I've been out of High School for twenty years now. When I was in school, I was pretty good in math, but I've lost a lot of the higher stuff I learned through lack of use. Still, up till now, all I ever needed to figure out my daughters' homework was a quick google search or some light reading in their textbook. Now, though, my second daughter is doing things in her 9th grade "Advanced Algebra" class that I can barely grasp the workings of.
The question is below:
Question says this company makes chairs and tables. Tables take 3 hours of carpentry and 2 hours of finishing and make a 35 dollar profit. Chairs take 2 hours of carpentry and 1/2 an hour of finishing and make a 20 dollar profit. They can use up to 108 carpentry hours and 20 finishing hours daily. How many chairs and tables should be made each day to maximize profit?

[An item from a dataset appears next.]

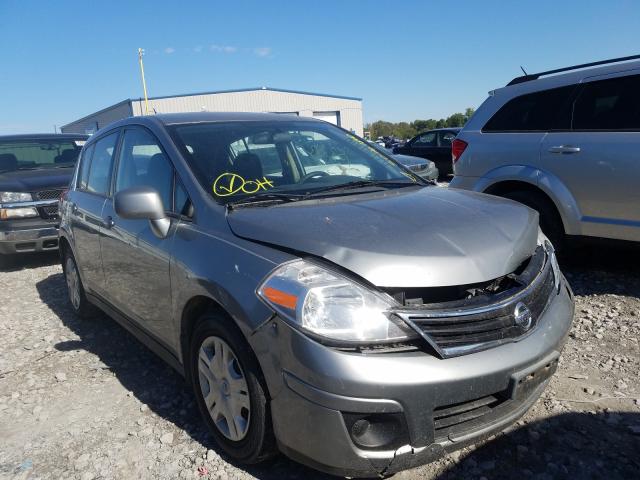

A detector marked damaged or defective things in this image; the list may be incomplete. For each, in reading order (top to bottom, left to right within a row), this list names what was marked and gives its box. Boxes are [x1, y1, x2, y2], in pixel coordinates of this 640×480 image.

Now I need help... because she doesn't have a clue how to do it, and I only have the vaguest notions. I need some pointers on figuring out just how to solve this problem so that I can give her the tools to solve it. From googling and looking up "Linear Projection" online, I think I'm supposed to generate some equations for graphing, and then find the intersections, one of which will be the point at which so many tables and so many chairs equal the greatest profit. Where I'm stuck is that I can't seem to figure out just which variables to use and what the equations are I need to be solving!
My first thought was that I needed one equation for tables and another for chairs, with X and Y representing hours of Carpentry and Finishing respectively:
3x + 2y = 35
2x + .5y = 20
I solved these equations for y:
y = (35 - 3x) / 2
y = 40 - 4x
And then I get the feeling I'm heading in the wrong direction.. especially when I start graphing them and things seem to be going in the wrong direction.
Anyway, at this point any help would be vastly appreciated, as I'm thoroughly lost on my own.